**RECORDS PROVIDED**:
=== Section Start ===

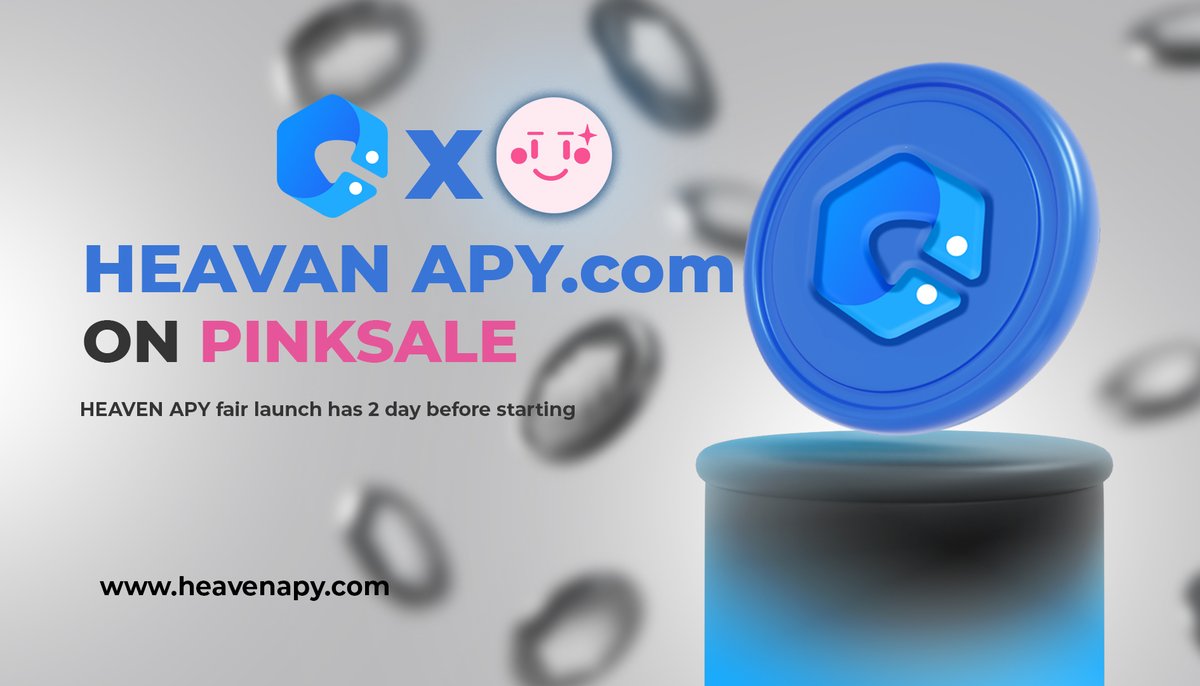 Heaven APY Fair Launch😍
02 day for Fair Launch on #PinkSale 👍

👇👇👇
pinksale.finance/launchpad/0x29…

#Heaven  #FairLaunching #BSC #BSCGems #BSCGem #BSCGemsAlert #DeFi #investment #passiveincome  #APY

=== Section End ===

**EXERCISE BRIEF**: Pictures aside, print every line of the material exactly.

**SOLUTION TO THIS TASK**:
 Heaven APY Fair Launch😍
02 day for Fair Launch on #PinkSale 👍

👇👇👇
pinksale.finance/launchpad/0x29…

#Heaven  #FairLaunching #BSC #BSCGems #BSCGem #BSCGemsAlert #DeFi #investment #passiveincome  #APY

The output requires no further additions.